Task prompt =>
Starting with the line that has "CAMIóN 2016 FREIGHTLINER", retype each line down to the end of the entries below, without leaving any out or adding any.
Data in this exercise Block Start
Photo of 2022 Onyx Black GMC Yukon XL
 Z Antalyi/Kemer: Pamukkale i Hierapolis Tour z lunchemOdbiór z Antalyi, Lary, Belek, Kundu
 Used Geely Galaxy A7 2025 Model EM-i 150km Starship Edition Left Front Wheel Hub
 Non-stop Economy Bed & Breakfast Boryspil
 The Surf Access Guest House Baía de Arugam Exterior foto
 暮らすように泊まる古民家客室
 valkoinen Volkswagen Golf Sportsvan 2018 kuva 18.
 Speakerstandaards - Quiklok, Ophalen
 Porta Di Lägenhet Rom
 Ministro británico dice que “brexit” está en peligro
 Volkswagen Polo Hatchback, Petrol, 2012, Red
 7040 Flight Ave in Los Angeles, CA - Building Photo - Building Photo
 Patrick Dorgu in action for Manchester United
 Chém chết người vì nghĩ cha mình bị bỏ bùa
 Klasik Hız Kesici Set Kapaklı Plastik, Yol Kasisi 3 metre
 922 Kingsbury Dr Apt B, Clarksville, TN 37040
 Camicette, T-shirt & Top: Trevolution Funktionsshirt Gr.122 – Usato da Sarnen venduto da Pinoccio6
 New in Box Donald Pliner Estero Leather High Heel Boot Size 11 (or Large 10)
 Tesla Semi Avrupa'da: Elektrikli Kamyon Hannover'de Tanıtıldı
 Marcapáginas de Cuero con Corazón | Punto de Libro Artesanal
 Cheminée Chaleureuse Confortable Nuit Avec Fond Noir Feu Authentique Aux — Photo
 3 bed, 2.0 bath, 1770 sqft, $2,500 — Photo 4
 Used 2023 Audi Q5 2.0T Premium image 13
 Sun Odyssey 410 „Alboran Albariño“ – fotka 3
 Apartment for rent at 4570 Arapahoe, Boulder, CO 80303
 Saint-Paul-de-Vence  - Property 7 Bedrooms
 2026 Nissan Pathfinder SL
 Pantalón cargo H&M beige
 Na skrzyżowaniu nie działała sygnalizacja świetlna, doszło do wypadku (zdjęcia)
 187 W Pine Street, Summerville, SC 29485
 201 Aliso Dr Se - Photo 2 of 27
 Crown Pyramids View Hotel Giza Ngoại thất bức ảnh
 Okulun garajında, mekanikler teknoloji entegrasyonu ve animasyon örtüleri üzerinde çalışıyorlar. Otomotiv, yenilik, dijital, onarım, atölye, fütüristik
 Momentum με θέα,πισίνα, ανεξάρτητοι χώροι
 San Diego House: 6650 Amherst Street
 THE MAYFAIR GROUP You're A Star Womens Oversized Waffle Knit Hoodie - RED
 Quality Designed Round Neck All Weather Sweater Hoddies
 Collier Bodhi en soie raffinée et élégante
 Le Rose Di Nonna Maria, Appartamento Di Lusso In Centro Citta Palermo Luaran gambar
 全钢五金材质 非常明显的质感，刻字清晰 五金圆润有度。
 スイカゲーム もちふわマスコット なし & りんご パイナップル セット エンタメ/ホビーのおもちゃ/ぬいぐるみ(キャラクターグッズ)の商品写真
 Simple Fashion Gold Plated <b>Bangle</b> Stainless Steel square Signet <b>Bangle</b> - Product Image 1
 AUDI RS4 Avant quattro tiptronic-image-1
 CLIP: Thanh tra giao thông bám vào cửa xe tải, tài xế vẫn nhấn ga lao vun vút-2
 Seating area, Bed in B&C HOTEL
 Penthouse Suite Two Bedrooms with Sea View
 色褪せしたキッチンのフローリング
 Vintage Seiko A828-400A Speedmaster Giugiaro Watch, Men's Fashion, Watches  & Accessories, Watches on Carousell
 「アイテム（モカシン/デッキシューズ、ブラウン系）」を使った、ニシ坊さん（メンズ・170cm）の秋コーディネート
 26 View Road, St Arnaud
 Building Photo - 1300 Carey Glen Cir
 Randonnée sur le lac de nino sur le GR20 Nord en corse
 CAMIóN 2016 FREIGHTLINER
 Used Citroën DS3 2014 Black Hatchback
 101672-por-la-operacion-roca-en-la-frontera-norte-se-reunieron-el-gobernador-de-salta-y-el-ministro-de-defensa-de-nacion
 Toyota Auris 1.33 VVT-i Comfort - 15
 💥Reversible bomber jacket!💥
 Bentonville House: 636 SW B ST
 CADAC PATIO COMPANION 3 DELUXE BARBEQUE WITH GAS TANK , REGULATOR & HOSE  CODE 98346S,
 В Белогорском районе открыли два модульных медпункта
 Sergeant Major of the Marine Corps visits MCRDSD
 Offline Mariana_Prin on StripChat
Data in this exercise Block End
Result =>
 CAMIóN 2016 FREIGHTLINER
 Used Citroën DS3 2014 Black Hatchback
 101672-por-la-operacion-roca-en-la-frontera-norte-se-reunieron-el-gobernador-de-salta-y-el-ministro-de-defensa-de-nacion
 Toyota Auris 1.33 VVT-i Comfort - 15
 💥Reversible bomber jacket!💥
 Bentonville House: 636 SW B ST
 CADAC PATIO COMPANION 3 DELUXE BARBEQUE WITH GAS TANK , REGULATOR & HOSE  CODE 98346S,
 В Белогорском районе открыли два модульных медпункта
 Sergeant Major of the Marine Corps visits MCRDSD
 Offline Mariana_Prin on StripChat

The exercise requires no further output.